Configuring multi-function appliances in smaller spaces is a great way to create efficiencies and improve productivity, confirms Josh Wolfe, B.C. Regional Sales manager and executive chef at Food Service Solutions Inc. in Vancouver. “By leaning on a few machines to do the heavy lifting, you can achieve a lot — and lean less heavily on other equipment that uses more energy. For example, the Neo Lainox can be used as a blast chiller, freezer, slow cooker — including sous vide — or hot holding box.”
On the refrigeration side, Wolfe says blast chillers can play a part in mitigating power consumption and reduce the need for larger refrigerators and ice machines. “I’m seeing more operators turning to blast chilling as a function of day-to-day operations.”
A third important equipment innovation is ventless appliances.

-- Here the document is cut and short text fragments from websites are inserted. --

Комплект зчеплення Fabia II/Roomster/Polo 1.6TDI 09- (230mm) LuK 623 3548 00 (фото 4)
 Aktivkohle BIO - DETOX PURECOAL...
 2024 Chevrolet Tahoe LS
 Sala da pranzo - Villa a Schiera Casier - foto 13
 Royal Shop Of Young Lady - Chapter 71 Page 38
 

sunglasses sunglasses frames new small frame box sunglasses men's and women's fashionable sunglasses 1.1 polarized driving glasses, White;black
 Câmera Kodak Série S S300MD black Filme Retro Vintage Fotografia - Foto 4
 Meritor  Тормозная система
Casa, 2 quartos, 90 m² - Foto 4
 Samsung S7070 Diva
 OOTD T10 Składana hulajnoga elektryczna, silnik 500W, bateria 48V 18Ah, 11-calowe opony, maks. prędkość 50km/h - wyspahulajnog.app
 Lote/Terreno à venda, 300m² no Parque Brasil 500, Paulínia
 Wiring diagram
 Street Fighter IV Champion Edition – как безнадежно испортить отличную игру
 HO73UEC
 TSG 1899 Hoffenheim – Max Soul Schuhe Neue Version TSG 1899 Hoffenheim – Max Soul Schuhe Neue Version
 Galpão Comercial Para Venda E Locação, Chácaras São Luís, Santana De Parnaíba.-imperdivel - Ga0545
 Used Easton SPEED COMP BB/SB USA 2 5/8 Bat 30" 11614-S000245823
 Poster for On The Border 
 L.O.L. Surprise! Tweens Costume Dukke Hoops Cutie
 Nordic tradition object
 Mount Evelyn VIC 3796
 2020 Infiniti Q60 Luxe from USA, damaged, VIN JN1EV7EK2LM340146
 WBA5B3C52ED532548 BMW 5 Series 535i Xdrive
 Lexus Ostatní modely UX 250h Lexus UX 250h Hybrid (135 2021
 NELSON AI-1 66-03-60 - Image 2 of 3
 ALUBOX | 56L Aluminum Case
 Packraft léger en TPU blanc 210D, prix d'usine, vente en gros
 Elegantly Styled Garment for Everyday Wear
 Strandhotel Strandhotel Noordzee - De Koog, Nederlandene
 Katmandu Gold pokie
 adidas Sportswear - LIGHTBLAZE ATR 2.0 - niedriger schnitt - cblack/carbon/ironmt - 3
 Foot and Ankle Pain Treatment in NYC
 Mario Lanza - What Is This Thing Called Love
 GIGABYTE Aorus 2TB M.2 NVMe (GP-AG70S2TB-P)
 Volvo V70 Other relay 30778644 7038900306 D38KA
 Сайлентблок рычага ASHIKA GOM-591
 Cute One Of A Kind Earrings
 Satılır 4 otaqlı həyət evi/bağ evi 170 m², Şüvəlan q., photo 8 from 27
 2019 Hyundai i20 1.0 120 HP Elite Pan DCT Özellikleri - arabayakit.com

As Patrick Watt, consultant with A Day in Life Foodservice Development in Saint John, N.B. says, “Ventilation and equipment idling are the two biggest energy wasters in the kitchen.”
Ventless systems also allow operators to stack equipment in smaller spaces and only require a 120-volt outlet. “That uses dramatically less power,” Pelissier says. “Operators essentially get double the savings, since they don’t have to run a hood.”
EFFICIENT BY DESIGN
But choosing energy-saving equipment is only half the battle when tackling energy costs, Watt says. “We know all the energy-efficient equipment is out there, but do operators really understand it? The biggest savings in the kitchen are in how you manage your production schedules and link that to your equipment usage.”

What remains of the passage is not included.